(photo by Roger George Clarke)
words by Andy Childs.
There surely can’t be anyone who is remotely interested in contemporary music who hasn’t been touched by the ears of Charlie Gillett. Apart from his achievements as a writer, music publisher, compiler par excellence, and record label boss, he managed, via his various radio shows, to do more than anyone could ever have expected to promote and champion and make accessible music from around the world. For that feat alone his status as a DJ will remain legendary, as important in his own way, some would say, as John Peel. I had the privilage of sitting in on one of Charlie’s Saturday evening GLR shows a few years ago and was energised by the man’s enthusiasm and passion for the music he played. No idle chit-chat while the records played – he sat swaying around in his chair, eyes closed, transported by the music he clearly loved and believed in. How such commitment, knowledge and talent could have been treated so cavalierly over the years as his shows were repeatedly cancelled and shuffled about from station to station by the dullards who control the airwaves must have been a source of irritation for Charlie, not that he ever showed it, but almost unbelievably it wasn’t until relatively recently when he was given a show on Radio 3 that he enjoyed a national audience.
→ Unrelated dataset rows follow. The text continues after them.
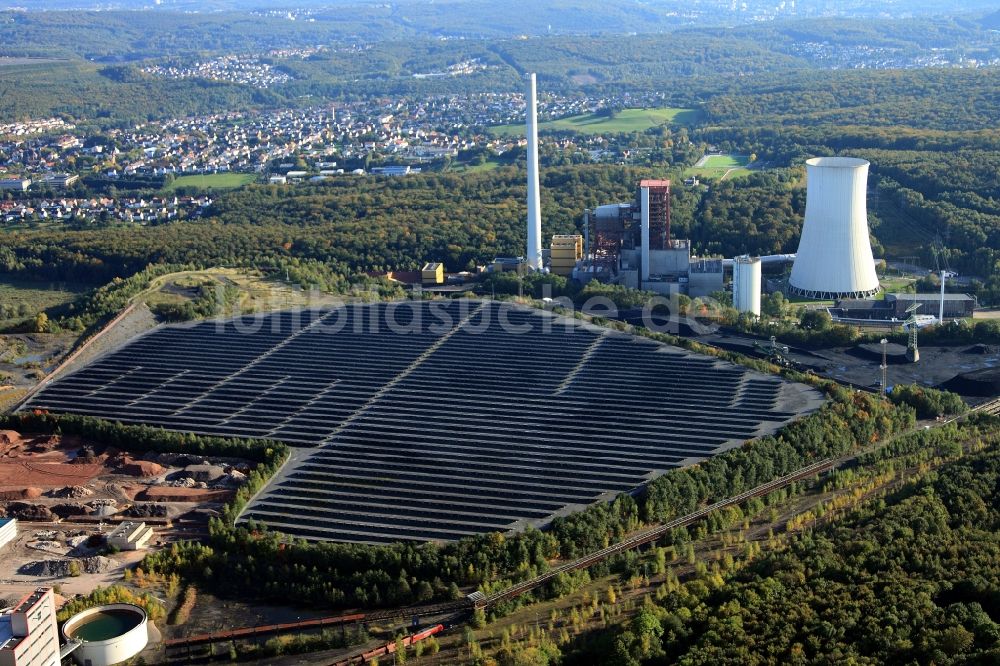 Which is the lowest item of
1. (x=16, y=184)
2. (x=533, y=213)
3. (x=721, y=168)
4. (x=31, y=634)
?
(x=31, y=634)

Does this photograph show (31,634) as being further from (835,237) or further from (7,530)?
(835,237)

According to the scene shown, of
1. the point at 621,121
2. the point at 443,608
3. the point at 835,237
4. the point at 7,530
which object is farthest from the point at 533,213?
the point at 621,121

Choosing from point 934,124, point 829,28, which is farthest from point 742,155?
point 829,28

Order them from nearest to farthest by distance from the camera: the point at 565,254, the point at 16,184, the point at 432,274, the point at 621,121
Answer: the point at 565,254
the point at 432,274
the point at 16,184
the point at 621,121

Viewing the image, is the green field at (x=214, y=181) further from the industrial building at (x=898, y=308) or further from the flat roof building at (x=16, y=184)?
the industrial building at (x=898, y=308)

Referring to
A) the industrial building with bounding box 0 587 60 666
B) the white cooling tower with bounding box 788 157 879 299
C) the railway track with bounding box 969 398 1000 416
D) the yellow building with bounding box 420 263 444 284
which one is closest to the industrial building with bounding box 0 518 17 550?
the industrial building with bounding box 0 587 60 666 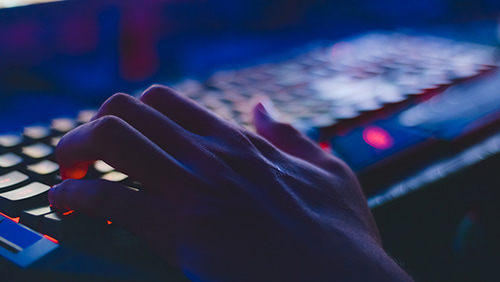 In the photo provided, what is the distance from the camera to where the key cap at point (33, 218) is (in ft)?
1.19

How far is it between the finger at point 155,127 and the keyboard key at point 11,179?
0.11m

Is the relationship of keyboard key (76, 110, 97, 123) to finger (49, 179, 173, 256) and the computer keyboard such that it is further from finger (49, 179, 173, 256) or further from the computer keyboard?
finger (49, 179, 173, 256)

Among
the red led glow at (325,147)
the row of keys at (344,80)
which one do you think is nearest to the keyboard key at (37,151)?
the row of keys at (344,80)

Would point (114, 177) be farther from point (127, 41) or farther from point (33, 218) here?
point (127, 41)

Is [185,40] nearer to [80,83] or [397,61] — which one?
[80,83]

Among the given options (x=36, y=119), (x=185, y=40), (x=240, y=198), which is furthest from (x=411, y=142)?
(x=36, y=119)

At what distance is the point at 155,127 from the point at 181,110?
0.06 meters

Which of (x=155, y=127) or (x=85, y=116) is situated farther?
(x=85, y=116)

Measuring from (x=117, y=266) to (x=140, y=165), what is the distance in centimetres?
10

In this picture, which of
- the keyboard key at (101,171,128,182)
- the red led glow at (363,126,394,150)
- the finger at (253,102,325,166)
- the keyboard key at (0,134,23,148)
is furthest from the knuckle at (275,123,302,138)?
the keyboard key at (0,134,23,148)

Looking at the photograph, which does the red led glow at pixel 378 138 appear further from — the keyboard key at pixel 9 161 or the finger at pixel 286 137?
the keyboard key at pixel 9 161

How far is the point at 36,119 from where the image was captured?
60 centimetres

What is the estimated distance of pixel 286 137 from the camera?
0.54 metres

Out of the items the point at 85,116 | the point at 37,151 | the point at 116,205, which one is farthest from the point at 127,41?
the point at 116,205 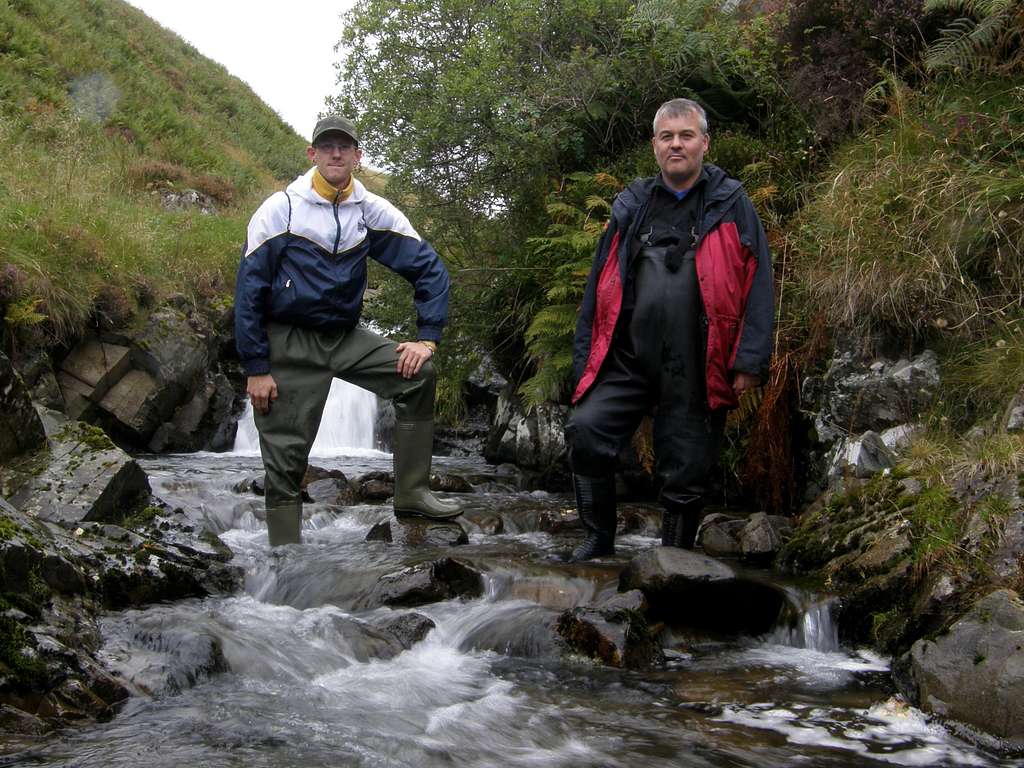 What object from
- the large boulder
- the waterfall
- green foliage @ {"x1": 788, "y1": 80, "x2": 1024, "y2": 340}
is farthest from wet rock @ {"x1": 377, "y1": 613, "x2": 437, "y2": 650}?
the waterfall

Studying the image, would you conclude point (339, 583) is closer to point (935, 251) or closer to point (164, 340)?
point (935, 251)

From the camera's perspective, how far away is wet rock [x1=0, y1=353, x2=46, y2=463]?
5.91m

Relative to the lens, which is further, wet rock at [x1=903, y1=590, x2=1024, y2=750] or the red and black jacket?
the red and black jacket

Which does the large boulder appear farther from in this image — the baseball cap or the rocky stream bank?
the baseball cap

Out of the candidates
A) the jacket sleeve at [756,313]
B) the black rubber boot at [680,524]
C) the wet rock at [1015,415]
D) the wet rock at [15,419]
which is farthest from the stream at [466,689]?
the wet rock at [15,419]

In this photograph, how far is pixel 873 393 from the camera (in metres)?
6.34

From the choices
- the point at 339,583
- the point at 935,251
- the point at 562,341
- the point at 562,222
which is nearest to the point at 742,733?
the point at 339,583

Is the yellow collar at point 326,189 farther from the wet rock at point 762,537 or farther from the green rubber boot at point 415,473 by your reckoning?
the wet rock at point 762,537

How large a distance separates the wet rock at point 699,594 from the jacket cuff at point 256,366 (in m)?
2.39

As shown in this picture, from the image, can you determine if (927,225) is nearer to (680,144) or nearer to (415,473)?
(680,144)

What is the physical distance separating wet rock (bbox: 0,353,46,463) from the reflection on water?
5.52 feet

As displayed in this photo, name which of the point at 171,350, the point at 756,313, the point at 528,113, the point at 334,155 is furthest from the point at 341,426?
the point at 756,313

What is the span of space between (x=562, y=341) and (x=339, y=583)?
381cm

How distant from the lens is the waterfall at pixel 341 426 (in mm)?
12094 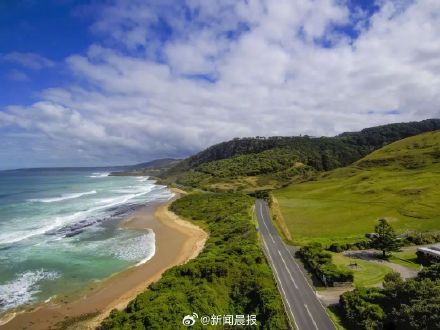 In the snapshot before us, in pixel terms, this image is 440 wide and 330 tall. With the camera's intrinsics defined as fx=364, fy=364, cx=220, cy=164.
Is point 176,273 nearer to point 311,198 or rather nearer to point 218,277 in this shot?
point 218,277

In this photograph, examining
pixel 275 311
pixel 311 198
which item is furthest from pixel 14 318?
pixel 311 198

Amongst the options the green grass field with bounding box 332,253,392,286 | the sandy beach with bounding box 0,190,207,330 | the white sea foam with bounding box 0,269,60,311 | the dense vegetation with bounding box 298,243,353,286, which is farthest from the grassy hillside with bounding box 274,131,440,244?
the white sea foam with bounding box 0,269,60,311

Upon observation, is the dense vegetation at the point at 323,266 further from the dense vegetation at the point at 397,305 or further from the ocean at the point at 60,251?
the ocean at the point at 60,251

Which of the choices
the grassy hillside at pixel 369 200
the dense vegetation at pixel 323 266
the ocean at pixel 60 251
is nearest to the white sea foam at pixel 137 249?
the ocean at pixel 60 251

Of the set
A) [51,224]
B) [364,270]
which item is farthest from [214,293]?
[51,224]

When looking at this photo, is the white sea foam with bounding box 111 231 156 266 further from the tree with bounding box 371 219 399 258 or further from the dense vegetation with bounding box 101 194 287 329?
the tree with bounding box 371 219 399 258

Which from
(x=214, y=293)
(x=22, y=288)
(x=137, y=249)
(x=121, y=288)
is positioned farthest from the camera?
(x=137, y=249)

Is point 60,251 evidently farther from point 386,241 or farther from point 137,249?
point 386,241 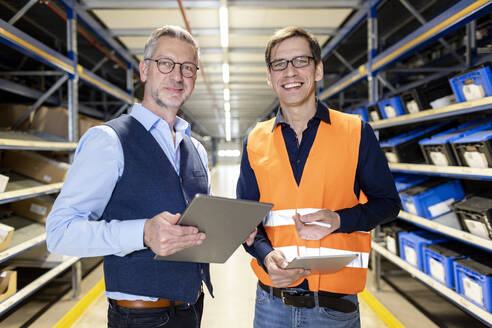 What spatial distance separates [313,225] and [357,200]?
335mm

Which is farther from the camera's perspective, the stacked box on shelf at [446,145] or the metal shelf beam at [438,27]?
the stacked box on shelf at [446,145]

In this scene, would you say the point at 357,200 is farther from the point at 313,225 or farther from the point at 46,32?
the point at 46,32

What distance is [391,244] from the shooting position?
3.80 metres

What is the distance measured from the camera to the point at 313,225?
1509mm

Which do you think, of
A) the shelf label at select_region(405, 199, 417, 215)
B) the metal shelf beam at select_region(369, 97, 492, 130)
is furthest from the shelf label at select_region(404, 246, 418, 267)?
the metal shelf beam at select_region(369, 97, 492, 130)

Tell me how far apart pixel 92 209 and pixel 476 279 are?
2686mm

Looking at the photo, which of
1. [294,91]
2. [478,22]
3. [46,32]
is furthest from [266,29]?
[294,91]

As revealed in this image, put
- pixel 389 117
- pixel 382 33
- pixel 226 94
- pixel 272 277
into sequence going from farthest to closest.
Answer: pixel 226 94 < pixel 382 33 < pixel 389 117 < pixel 272 277

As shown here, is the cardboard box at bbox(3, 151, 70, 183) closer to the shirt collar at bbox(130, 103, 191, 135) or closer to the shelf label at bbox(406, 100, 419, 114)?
the shirt collar at bbox(130, 103, 191, 135)

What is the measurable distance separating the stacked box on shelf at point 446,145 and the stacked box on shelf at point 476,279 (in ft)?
2.67

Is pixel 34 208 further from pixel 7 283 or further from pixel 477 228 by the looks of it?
pixel 477 228

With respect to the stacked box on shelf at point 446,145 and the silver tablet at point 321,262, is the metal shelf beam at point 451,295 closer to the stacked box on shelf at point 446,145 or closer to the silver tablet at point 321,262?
the stacked box on shelf at point 446,145

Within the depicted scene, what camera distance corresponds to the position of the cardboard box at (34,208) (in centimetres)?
Answer: 379

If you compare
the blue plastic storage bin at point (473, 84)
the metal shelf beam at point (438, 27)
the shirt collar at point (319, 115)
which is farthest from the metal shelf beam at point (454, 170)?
the shirt collar at point (319, 115) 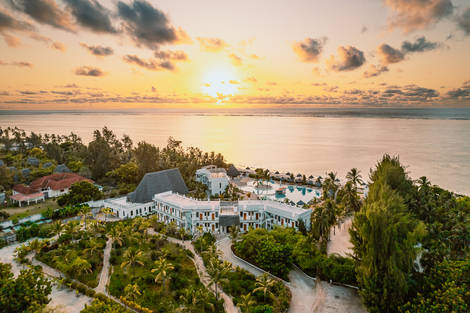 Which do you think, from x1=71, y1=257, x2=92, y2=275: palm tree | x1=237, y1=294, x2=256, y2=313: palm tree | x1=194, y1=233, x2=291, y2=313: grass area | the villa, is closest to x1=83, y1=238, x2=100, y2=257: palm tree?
x1=71, y1=257, x2=92, y2=275: palm tree

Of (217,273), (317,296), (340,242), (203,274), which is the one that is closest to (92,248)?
(203,274)

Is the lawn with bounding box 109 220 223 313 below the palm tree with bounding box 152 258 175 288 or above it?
below

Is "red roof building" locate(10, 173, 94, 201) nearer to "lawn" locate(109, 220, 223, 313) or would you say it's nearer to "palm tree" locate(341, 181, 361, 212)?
"lawn" locate(109, 220, 223, 313)

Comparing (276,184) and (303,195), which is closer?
(303,195)

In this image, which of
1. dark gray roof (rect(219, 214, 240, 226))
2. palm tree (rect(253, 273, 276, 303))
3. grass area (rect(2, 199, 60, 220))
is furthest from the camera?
grass area (rect(2, 199, 60, 220))

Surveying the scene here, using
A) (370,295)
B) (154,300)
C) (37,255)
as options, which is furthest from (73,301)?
(370,295)

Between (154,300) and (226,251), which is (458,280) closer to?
(226,251) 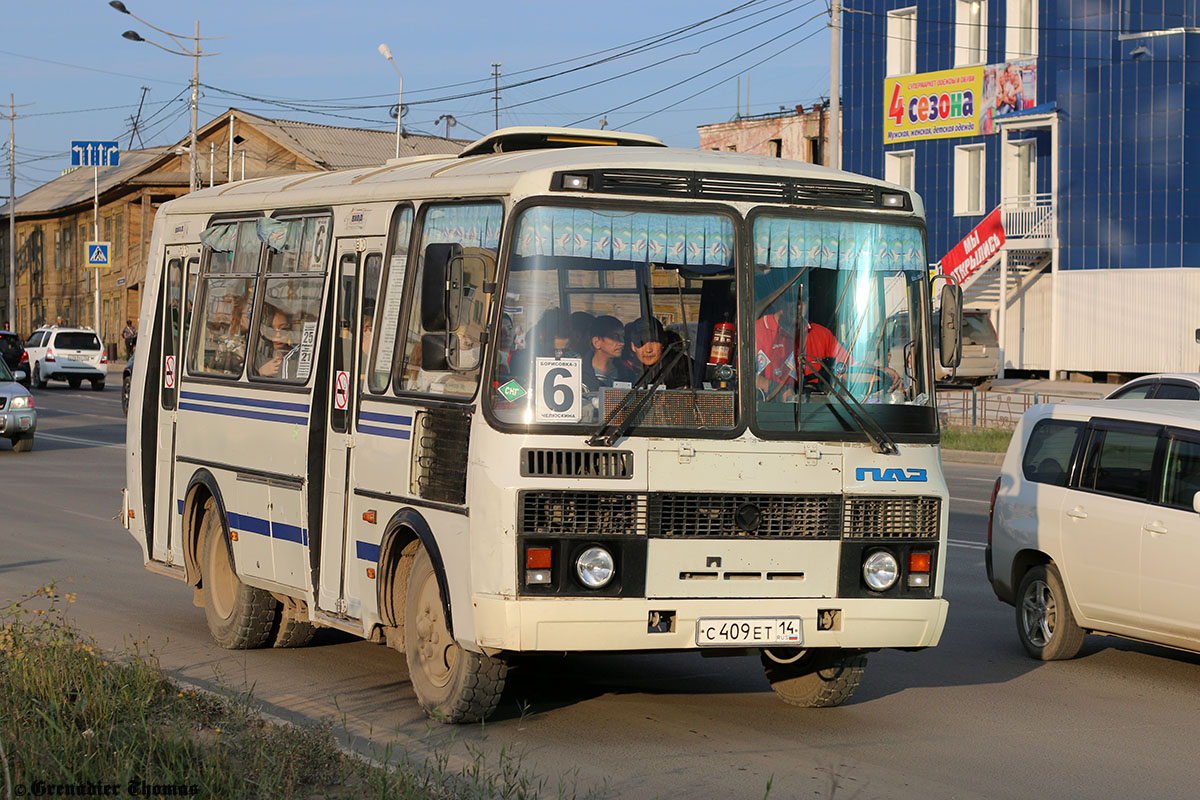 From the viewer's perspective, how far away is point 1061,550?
10.8 metres

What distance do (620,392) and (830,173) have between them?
1678mm

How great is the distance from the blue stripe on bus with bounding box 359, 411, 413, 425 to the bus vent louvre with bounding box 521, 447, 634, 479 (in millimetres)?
1095

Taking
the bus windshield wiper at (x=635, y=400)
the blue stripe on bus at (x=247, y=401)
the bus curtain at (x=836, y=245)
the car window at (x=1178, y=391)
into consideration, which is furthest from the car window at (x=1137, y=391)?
the bus windshield wiper at (x=635, y=400)

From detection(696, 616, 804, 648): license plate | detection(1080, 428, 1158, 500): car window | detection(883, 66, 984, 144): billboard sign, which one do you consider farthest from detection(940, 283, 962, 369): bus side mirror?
detection(883, 66, 984, 144): billboard sign

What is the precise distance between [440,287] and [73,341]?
4660 cm

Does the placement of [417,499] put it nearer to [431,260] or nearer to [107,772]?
[431,260]

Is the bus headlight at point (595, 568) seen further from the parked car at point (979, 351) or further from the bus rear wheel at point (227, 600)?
the parked car at point (979, 351)

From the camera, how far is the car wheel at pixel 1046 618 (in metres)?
10.8

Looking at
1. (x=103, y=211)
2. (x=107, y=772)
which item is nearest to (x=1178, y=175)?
(x=107, y=772)

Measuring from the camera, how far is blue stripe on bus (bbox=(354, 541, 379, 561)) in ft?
29.4

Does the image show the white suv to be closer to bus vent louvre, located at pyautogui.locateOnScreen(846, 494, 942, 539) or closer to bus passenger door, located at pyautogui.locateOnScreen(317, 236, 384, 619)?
bus passenger door, located at pyautogui.locateOnScreen(317, 236, 384, 619)

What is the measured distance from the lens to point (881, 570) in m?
8.23

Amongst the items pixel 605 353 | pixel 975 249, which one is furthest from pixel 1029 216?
pixel 605 353

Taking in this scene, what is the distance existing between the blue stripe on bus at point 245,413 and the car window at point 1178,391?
10.8 m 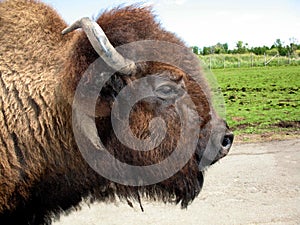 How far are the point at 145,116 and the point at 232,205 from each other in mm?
2885

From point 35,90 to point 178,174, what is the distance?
1.27 metres

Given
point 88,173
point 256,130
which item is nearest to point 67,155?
point 88,173

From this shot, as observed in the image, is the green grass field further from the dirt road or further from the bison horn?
the bison horn

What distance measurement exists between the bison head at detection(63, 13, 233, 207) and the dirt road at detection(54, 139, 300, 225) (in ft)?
6.51

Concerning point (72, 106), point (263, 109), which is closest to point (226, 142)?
point (72, 106)

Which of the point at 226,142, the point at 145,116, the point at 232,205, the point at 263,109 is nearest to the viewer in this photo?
the point at 145,116

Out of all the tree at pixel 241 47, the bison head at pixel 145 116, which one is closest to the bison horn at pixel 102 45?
the bison head at pixel 145 116

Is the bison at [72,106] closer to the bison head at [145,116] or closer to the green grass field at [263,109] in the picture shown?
the bison head at [145,116]

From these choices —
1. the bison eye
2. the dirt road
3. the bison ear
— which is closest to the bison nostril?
the bison eye

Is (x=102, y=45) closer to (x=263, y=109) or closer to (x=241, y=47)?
(x=263, y=109)

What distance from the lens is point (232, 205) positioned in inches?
227

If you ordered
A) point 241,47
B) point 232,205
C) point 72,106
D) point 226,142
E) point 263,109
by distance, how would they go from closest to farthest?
point 72,106, point 226,142, point 232,205, point 263,109, point 241,47

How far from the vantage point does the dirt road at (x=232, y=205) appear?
215 inches

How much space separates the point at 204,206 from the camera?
5785 mm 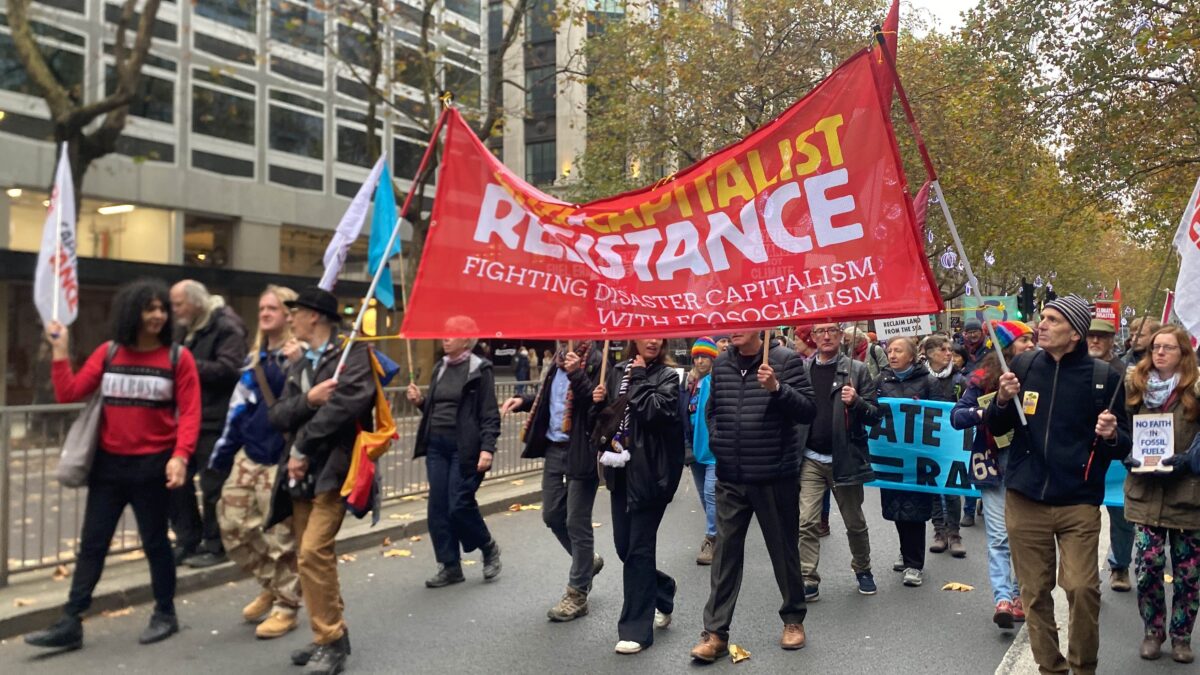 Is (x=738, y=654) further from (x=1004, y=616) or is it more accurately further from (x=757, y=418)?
(x=1004, y=616)

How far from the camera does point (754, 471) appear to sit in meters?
5.48

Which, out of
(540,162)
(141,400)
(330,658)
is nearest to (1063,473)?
(330,658)

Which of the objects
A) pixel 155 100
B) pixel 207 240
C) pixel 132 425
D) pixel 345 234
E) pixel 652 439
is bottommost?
pixel 652 439

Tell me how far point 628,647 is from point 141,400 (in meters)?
2.97

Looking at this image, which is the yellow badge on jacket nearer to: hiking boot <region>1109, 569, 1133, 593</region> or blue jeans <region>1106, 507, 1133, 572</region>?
blue jeans <region>1106, 507, 1133, 572</region>

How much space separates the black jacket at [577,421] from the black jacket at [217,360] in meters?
1.97

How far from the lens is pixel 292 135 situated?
909 inches

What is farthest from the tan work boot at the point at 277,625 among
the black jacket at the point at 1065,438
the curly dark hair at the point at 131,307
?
the black jacket at the point at 1065,438

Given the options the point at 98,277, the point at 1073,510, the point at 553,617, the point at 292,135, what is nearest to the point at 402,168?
the point at 292,135

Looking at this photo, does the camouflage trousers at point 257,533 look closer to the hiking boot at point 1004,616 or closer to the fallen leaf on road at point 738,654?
the fallen leaf on road at point 738,654

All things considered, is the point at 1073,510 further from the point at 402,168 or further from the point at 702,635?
the point at 402,168

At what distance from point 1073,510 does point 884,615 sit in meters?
1.92

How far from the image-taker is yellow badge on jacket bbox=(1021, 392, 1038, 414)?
492 cm

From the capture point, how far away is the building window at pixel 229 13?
66.5ft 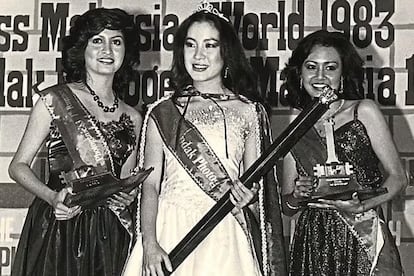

My earliest memories of Charlie’s influence were the seminal book, Sound Of The City – one of the first books about popular music that a reasonably intelligent person could take seriously, and his essential Sunday lunchtime show on Radio London, Honky Tonk. If Charlie’s radio career had ended with Honky Tonk he would still have gone down in history as the man who gave the careers of Dire Straits, Ian Dury and Kilburn & The High Roads, and Elvis Costello a massive kick start. But fortunately that was just the beginning; he went on to write another book (about Atlantic Records), start Oval Records, form a publishing company (that had huge success with Paul Hardcastle’s 19) and eventually turn his attention and considerable powers of discernment to what, with his involvement, came to be known as World Music. I seem to remember him saying once that he pretty much abandoned U.S/UK contemporary music because he couldn’t find anyone that could really sing like, say, Aretha Franklin anymore.
For his ability to empathise with musicians from a myriad of cultures and backgrounds, his intuitive grasp of what makes a record really great and important, and his completely ego-less style of presentation and demeanor, Charlie was accorded immense respect by the people who meant the most to him. In a business full of people that regularly exhibit amazingly vulgar levels of narcissism Charlie often went to great lengths to praise and encourage artists and indeed other people in the music business who he deemed in it for the right reasons; he was always eager to find positive things to say and to see good in everyone and everything. This didn’t mean that he lacked rigour as a critic, but rather that he was very definite about what he thought was worthwhile and that deserved and needed support and encouragement.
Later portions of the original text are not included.